О внешних событиях жизни Осии мы почти ничего не знаем; он вошел в ветхозаветную историю исключительно как автор своей книги. Книга эта оказала не меньшее влияние, чем пророчество Амоса. Еще при жизни Осии (или вскоре после его смерти) она была уже хорошо известна не только на Севере, но и в Иудее.
Вероятно, Осия жил в самой Самарии и проповедовал в одном из ее святилищ; есть даже основания полагать, что он был священником. (Сочетание служителя алтаря и пророка в одном лице было нередким в Израиле.) Во всяком случае Осия, несомненно, стоял близко к кругам духовенства: религиозное состояние народа и богослужебная практика были ему хорошо известны. Но из того, как Осия говорит о пророках и священниках, можно заключить, что он принадлежал к религиозной оппозиции, к людям, которые осознали духовный кризис Израиля и не желали мириться с застоем и вырождением веры.

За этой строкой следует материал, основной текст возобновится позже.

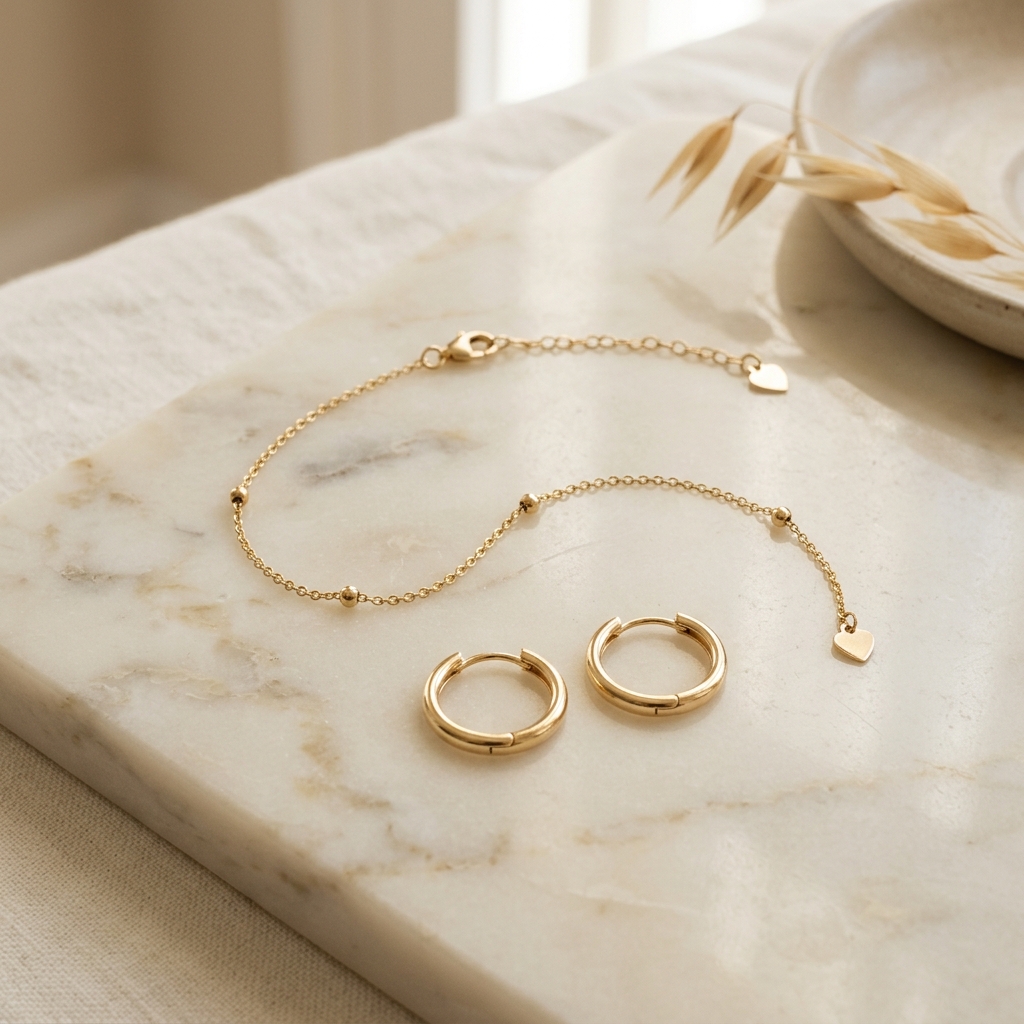 Everyday Elegance collection with minimalist gold pieces
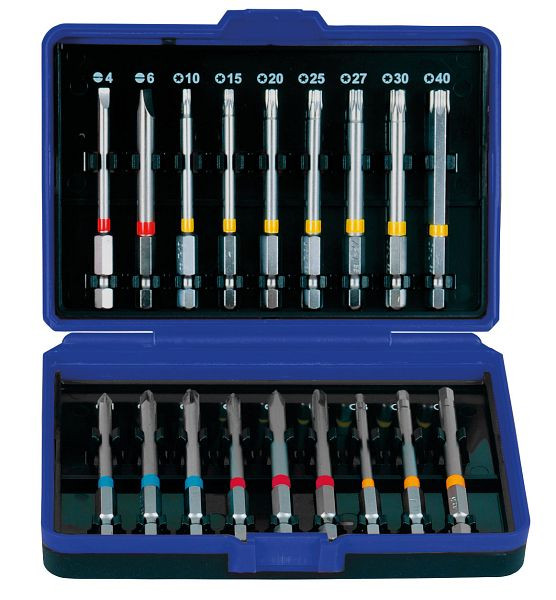 Projahn 1/4" bitdoos met gemarkeerde bits 18 stuks, 4093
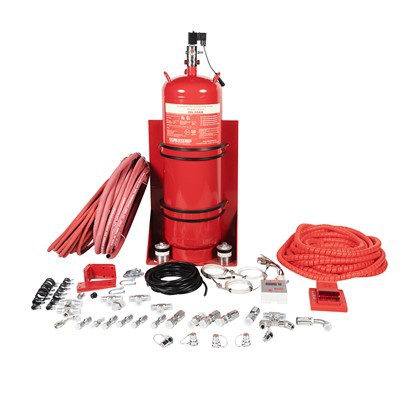 Ajoneuvon automaattinen sammuttimen järjestelmä öljysäiliöiden kuorma -autojen solenoidiventtiilin aktivointi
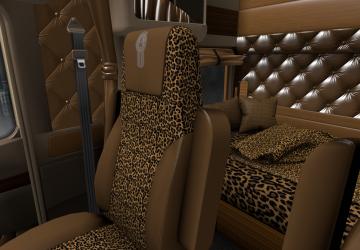 Interiors for Kenworth T800 version 1.0 for American Truck Simulator (v1.35.x, - 1.38.x)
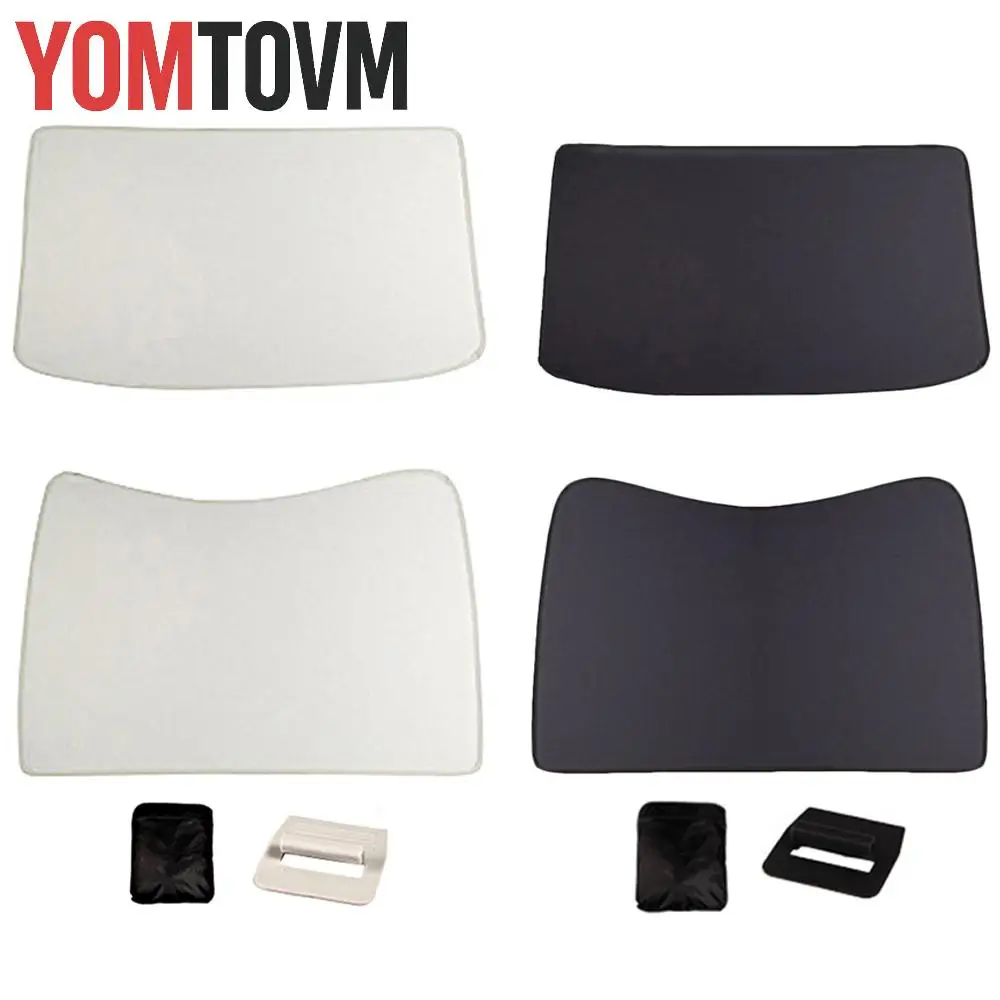 Sunroof Sunshade for Tesla Model 3 Roof Window Shade Mesh Full Cover No-Collapse Heat Insulation 2PCS Set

Мы ничего не знаем о таких кругах, однако их воззрения, вероятно, отразились в северном варианте Священной Истории, появившемся около того времени. Автора его принято называть Элогистом, так как он часто употребляет имя Божие «Элогим» вместо «Ягве». В основе его Писания лежит все то же священное Предание, восходящее к Моисеевым временам, и мы могли бы не останавливаться на нем, если бы Элогист не обнаруживал некоторых новых черт в сравнении с Ягвистом, автором иудейского варианта Истории.
Прежде всего, говоря об Откровении и богоявлениях, Элогист уже отказывается от картинного языка древних легенд. Если у Ягвиста Господь непосредственно беседует с Каином или пользуется гостеприимством Авраама, то у Элогиста воля Божия познается уже либо во сне, либо в пророческом видении.
Вообще служение пророка представляется северному писателю важнейшим в религиозной жизни народа. «Наби» — это посредник между Богом и человечеством; даже Авраам, с которого начинается элогистическое сказание, назван там пророком, а Моисей стоит почти на сверхчеловеческой высоте. Элогист ввел в рассказ Декалог и Книгу Завета, тем самым подчеркнув свою связь с религиозно-нравственной традицией Моисея. Именно в повествовании о Моисее мы находим у Элогиста возвышенное исповедание веры в Ягве, который есть «Бог милосердный и милостивый, долготерпеливый и многомилостивый и истинный» (Исх. 34.6). Будучи северянином, Элогист чтил Бетэль как место жертвоприношений патриарха Иакова, но он с отвращением говорил о «золотом тельце», атрибуте царского святилища.